I suggested killing interrupts during disk loading, not full-time.

And about RETting #FD9F, it's very easy to solve: simply copy the 5 bytes
of the hook entry to some memory location and then call that 256 times
after you're done loading.
But #401F is a nicer way, although it's more difficult.

A warning in advance: DOS2's disk change feature won't function well if the
interrupt routine is not called. Usually, it counts the time after a disk
access. Since it is physically impossible to swap a disk in less than about
a second, it's safe to assume the disk isn't changed if the last access is
more recent. But if you stop calling #FD9F, time will be "frozen" for DOS2
and it won't detect disk changes at all.
Ofcourse, for ESE-RAM this is not a problem, but for floppy it is. To solve
it, invalidate the DOS2 disk buffers (sector cache) using the BDOS call for
that purpose.

>Also, I'm planning to play background music while loading, so I need
>standard interrupts enabled.

Good luck! Playing music while loading is very difficult...

The reason: almost all DiskROMs turn off the interrupt for long periods
during loading. So unless you're willing to write custom FDC drivers (and
mail them to the UZIX team ;), you'll have to cope with long intervals
between interrupts.

You could make special music that still sounds nice when played while loading.
NOP played some kind of "music" while loading in Unknown Reality.
And for Almost Real we had a part planned where MSX-AUDIO ADPCM samples
were played while loading, using NOP's SampBox format. This "required" 256K
of sample RAM: the 32K version was very boring. This part didn't make it
into the released version, because it took too much disk space, required
non-standard hardware (256K sample RAM) and it needed debugging.

>>That's because the SONY DiskROM has a different "algorithm" for the drive
>>LED: it only turns on when that drive is selected. This is not connected to
>>the slowdown.
>
>I see.
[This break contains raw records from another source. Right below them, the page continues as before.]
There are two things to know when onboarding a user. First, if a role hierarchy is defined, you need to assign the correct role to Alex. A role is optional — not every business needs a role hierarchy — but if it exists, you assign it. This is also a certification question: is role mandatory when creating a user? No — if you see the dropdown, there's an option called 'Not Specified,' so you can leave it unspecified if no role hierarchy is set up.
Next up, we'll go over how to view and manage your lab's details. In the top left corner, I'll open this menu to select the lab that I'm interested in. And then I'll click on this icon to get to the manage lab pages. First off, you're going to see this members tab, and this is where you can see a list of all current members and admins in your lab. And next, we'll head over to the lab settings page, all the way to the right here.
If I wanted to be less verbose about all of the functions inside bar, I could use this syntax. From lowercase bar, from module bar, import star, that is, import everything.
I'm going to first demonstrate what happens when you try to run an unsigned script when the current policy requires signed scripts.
The light is unlit after loading but the motor is still spinning.

The motor does stop spinning automatically (by hardware), but not at the
same time as the LED goes out.

>Yeah. Now I'd like to know the actual causes of the slowdown. What does the
>interrupt do in a F700 to slow it down 400%?!?!?!?!?
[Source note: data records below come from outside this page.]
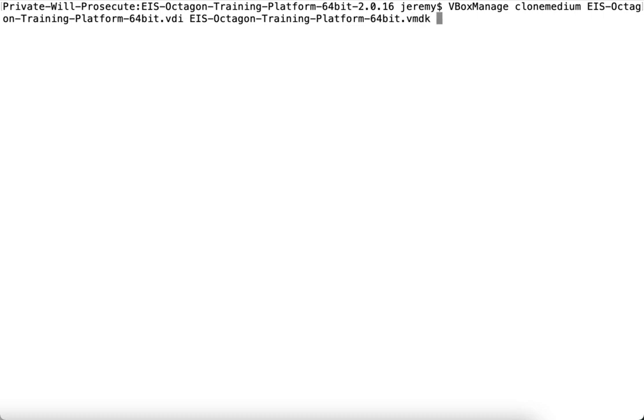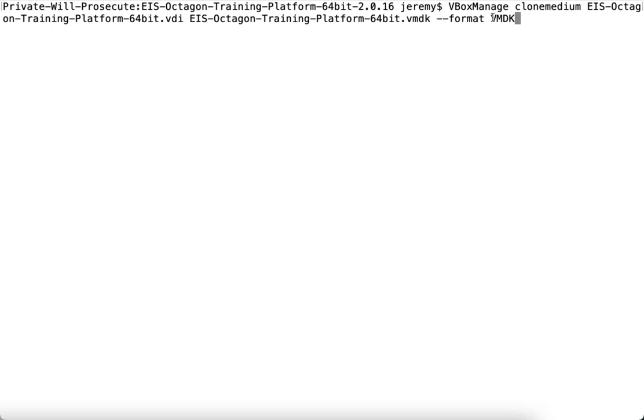To choose the output format, we use the --format flag, and we can pass in VDI, VMDK, or other supported formats. If you want to save as VDI, you don't need the flag because that's the default format of VirtualBox. VMDK is the format for VMware, so we're going to specify that format as our output.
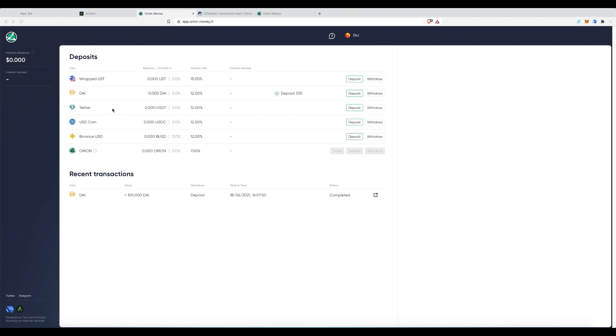And there you go. Done. You can see that a hundred is deposited. And you can see in the transaction, it is clearly being done.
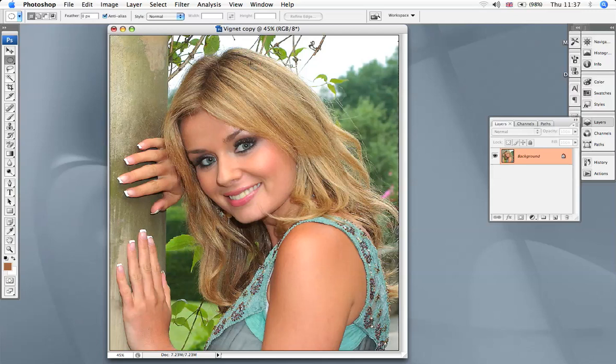Hello everybody, my name is Jim Bell. In this little tutorial I want to show you how to create a vignette. A vignette is an old-fashioned term for an oval shaped picture that used to be done years ago. It was a favorite in the old days but it's good fun to do. We select an elliptical marquee.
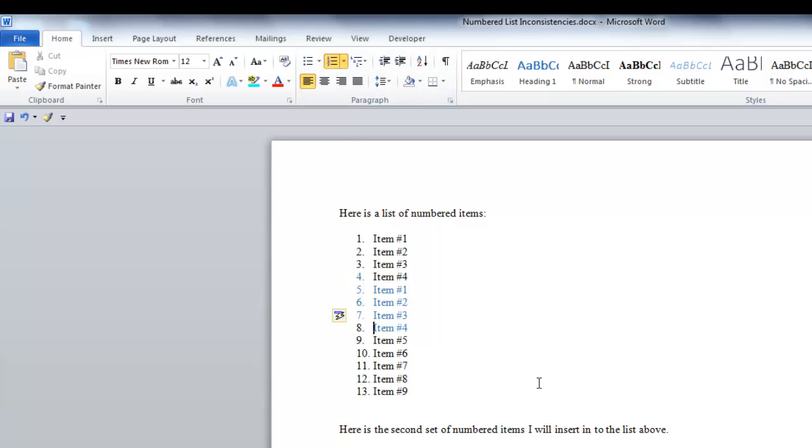Now all the numbers are sequential. And that is the end of this lesson: numbered list inconsistencies.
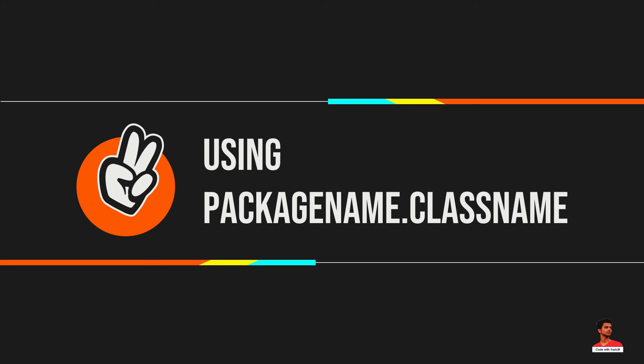If you import package.classname then only the declared class of this package will be accessible.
Just an idea: maybe it's only a bit too slow. If it is called inbetween
sectors and doesn't return in time, the next sector will have passed the
head and the DiskROM will have to wait nearly a full rotation.
If this is true, an interleaved-formatted disk would be about equally fast
on a F700 and on for example a 8250.

Or maybe the F700 DiskROM turns on interrupts more frequently than other
models? You could measure this by installing a counter on #FD9F or #FD9A
and see how much counts it gets while loading a fixed amount of data on a
F700 and on a 8250 (take the average over a few runs).